Amid blustery winds and driving rain, Defense Secretary Leon Panetta toured the 9/11 memorial in New York on Tuesday, five days ahead of its formal dedication.

Panetta peered into the 30-foot waterfalls that mark the footprints of the World Trade Center towers that were felled in the terrorist attacks. The Pentagon chief then paused by a Callery pear tree that was pulled from the rubble in the days after the attack. The tree was brought to a nursery in the Bronx, and in late 2010 replanted on the memorial site.

Panetta is the first cabinet-level official from the Obama administration to visit the completed memorial; his low-key, rain-sodden visit kicked off a week that will likely be dominated by events marking the 10th anniversary of the attacks on New York and at the Pentagon. On Sunday, President Obama and the first lady will attend a ceremony dedicating the memorial.
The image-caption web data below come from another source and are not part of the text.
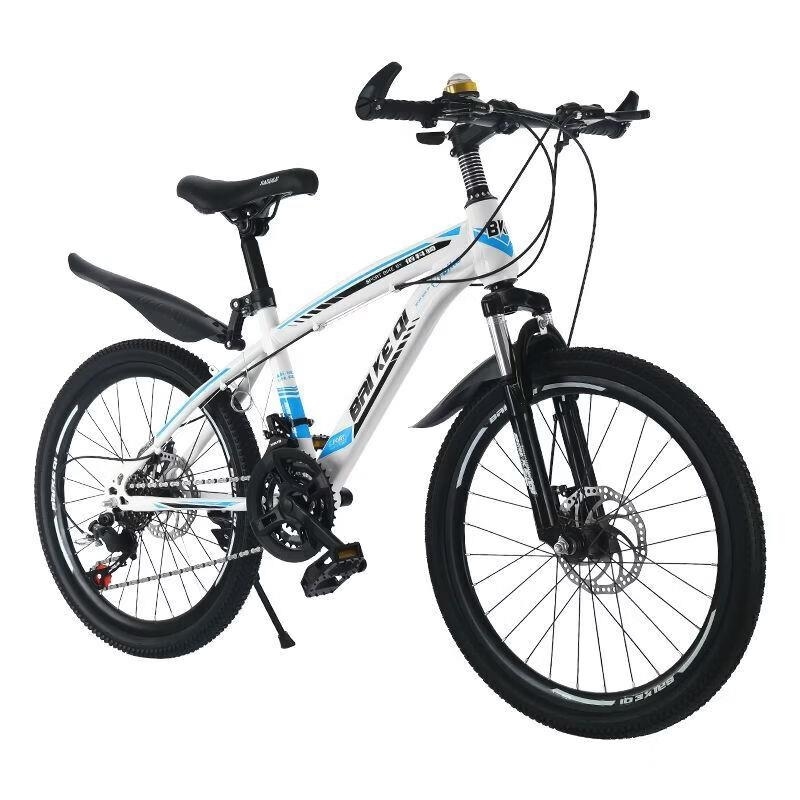 山地车学生初中生自行车减震碟刹变速24寸26寸单车儿童越野车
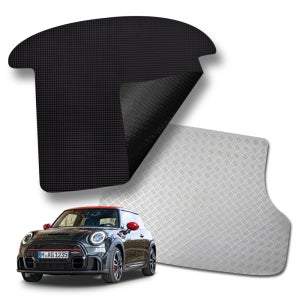 미니 쿠퍼S 해치백 컨버터블 쿠페 로드스터 전세대 미로 고무 방수 트렁크 매트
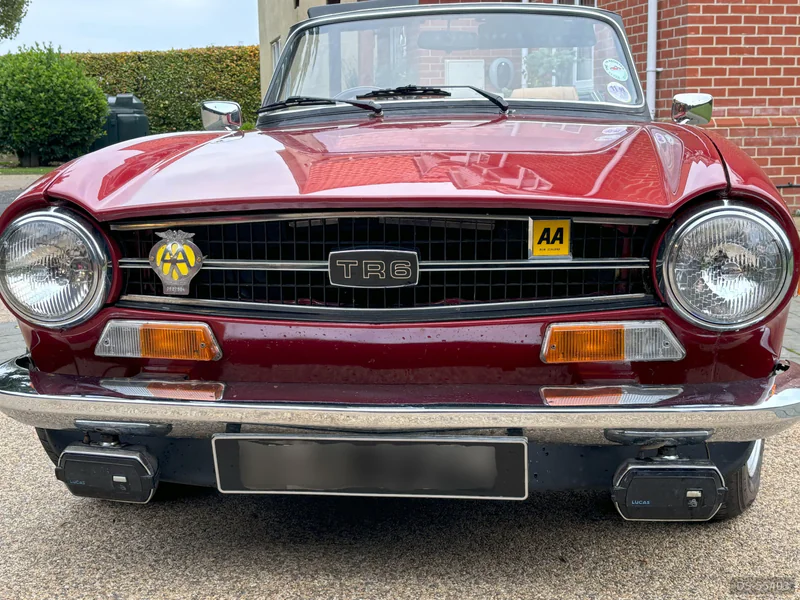1975 Triumph Tr6 in Bury St. Edmunds 10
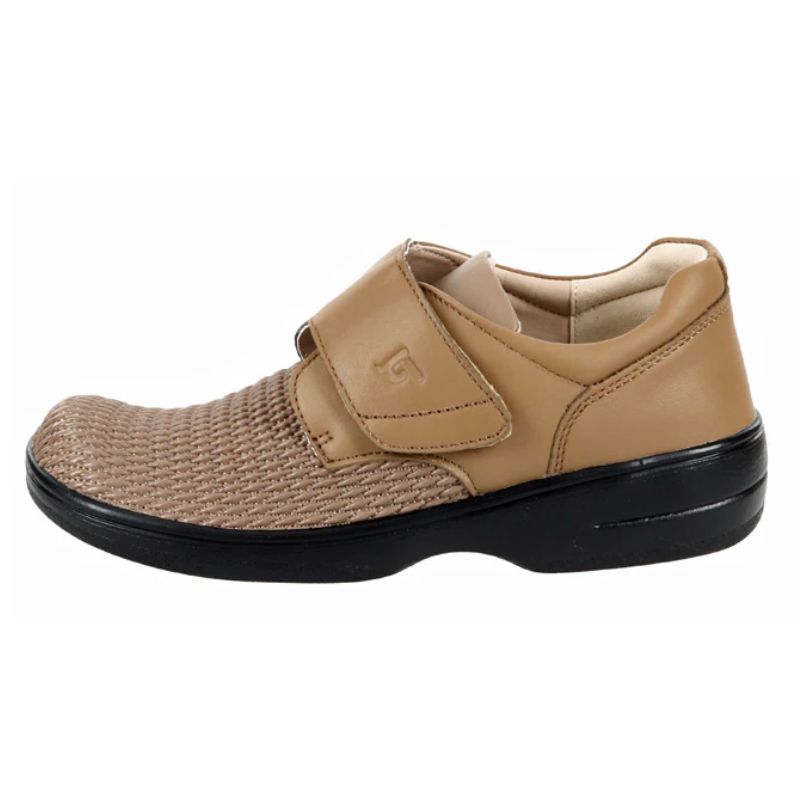 Propet Bianca Extra Wide Taupe Women's Shoes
Panetta made the New York trip with five service members who joined the military after the Sept. 11 attacks and have served in Afghanistan, Iraq and Haiti. In recent weeks the Obama administration has begun to refer to Americans who joined the military in the months after the attacks as the “9/11 generation,” a moniker that is intended to echo World War II’s “greatest generation.”

The secretary hoped to use the trip to stress the importance of service, especially military service, and to give recognition to the “generation that stepped forward” in the wake of the attacks, said a senior defense official.

Panetta spent about 30 minutes touring the memorial with New York Mayor Michael Bloomberg. As he and the mayor gazed out at the waterfalls from underneath umbrellas, heavy wind whipped the water, which spills downward into pools of black granite.

Panetta had also planned to visit the Shanksville, Pa., memorial honoring those killed aboard United Airlines Flight 93 on Sept. 11. But the high winds prevented his V-22 Osprey aircraft from landing at the airport near the Pennsylvania memorial.

The defense secretary rarely uses the costly V-22s for domestic travel. The aircraft, which take off like a helicopter, fly like a plane and can travel farther and faster than other military helicopter, have been put into heavy use in Iraq and Afghanistan.

On Tuesday afternoon, the V-22 ferried Panetta from Dover Air Force base, where he spent Monday night, to a helicopter pad in the Wall Street district. Panetta had spent the night at Dover because his flight from California could not land in Washington. The defense secretary spends many weekends at his home in California’s Carmel Valley.